[Start of section]
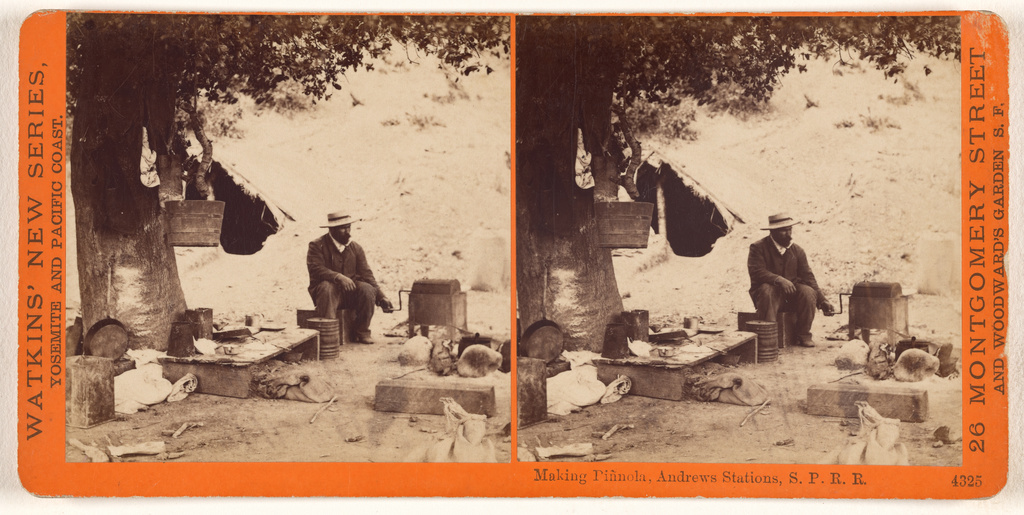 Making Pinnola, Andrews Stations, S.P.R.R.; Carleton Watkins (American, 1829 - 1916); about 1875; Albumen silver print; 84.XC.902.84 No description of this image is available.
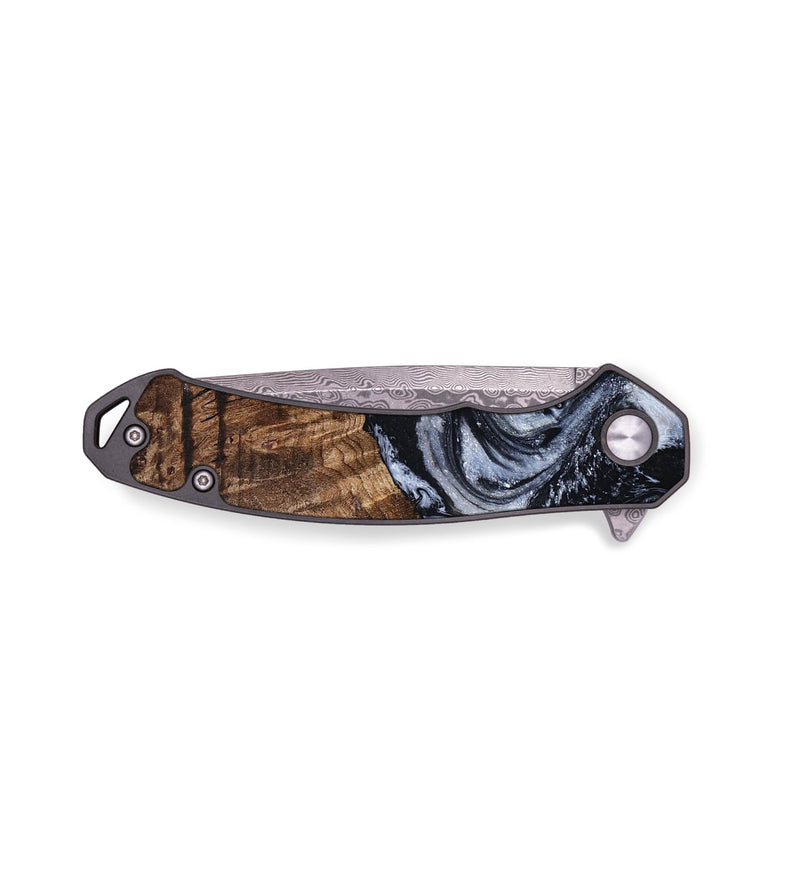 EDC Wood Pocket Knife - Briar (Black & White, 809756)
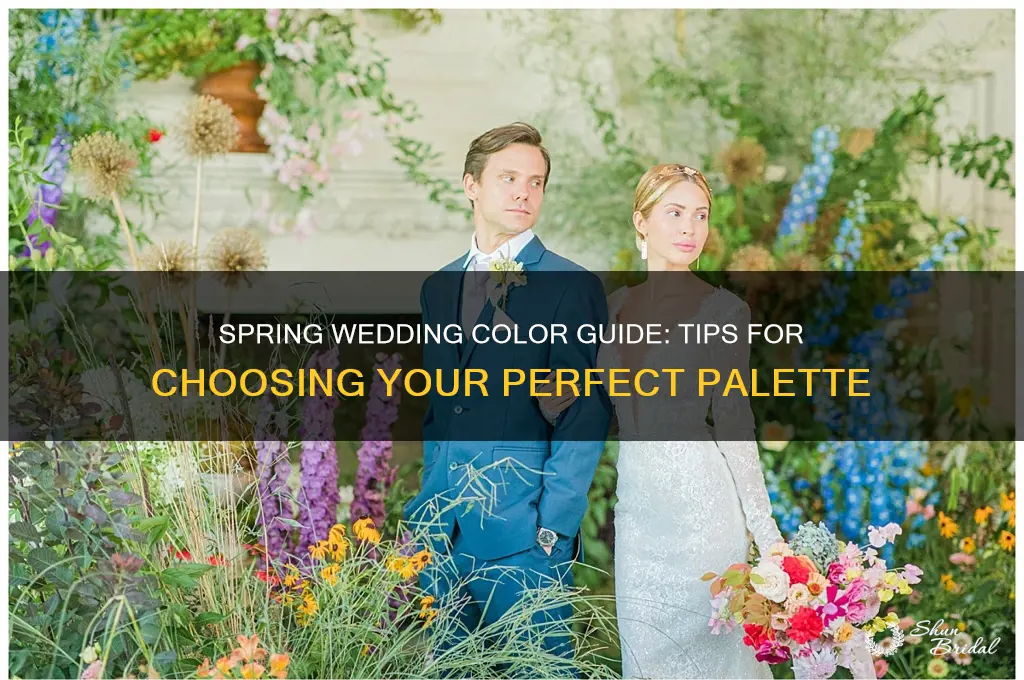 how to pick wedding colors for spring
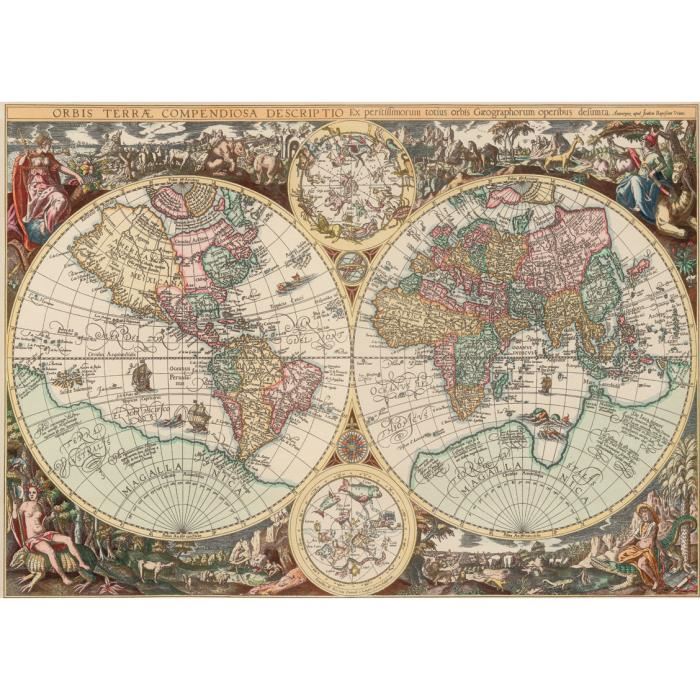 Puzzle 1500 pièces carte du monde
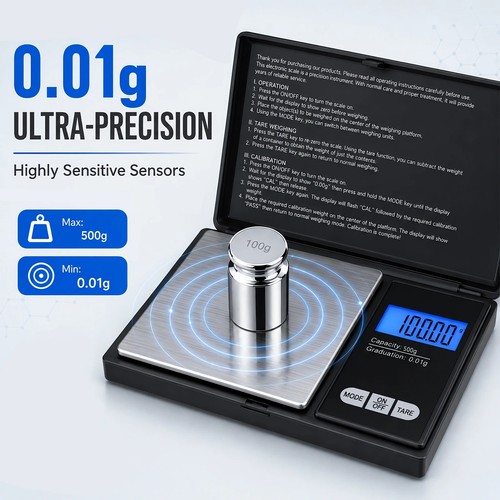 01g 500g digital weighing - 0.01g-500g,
[End of section]
**EXERCISE DETAILS:**
Each entry above should be written out verbatim, minus its pictures.

**FINISHED EXERCISE:**
 Making Pinnola, Andrews Stations, S.P.R.R.; Carleton Watkins (American, 1829 - 1916); about 1875; Albumen silver print; 84.XC.902.84 No description of this image is available.
 EDC Wood Pocket Knife - Briar (Black & White, 809756)
 how to pick wedding colors for spring
 Puzzle 1500 pièces carte du monde
 01g 500g digital weighing - 0.01g-500g,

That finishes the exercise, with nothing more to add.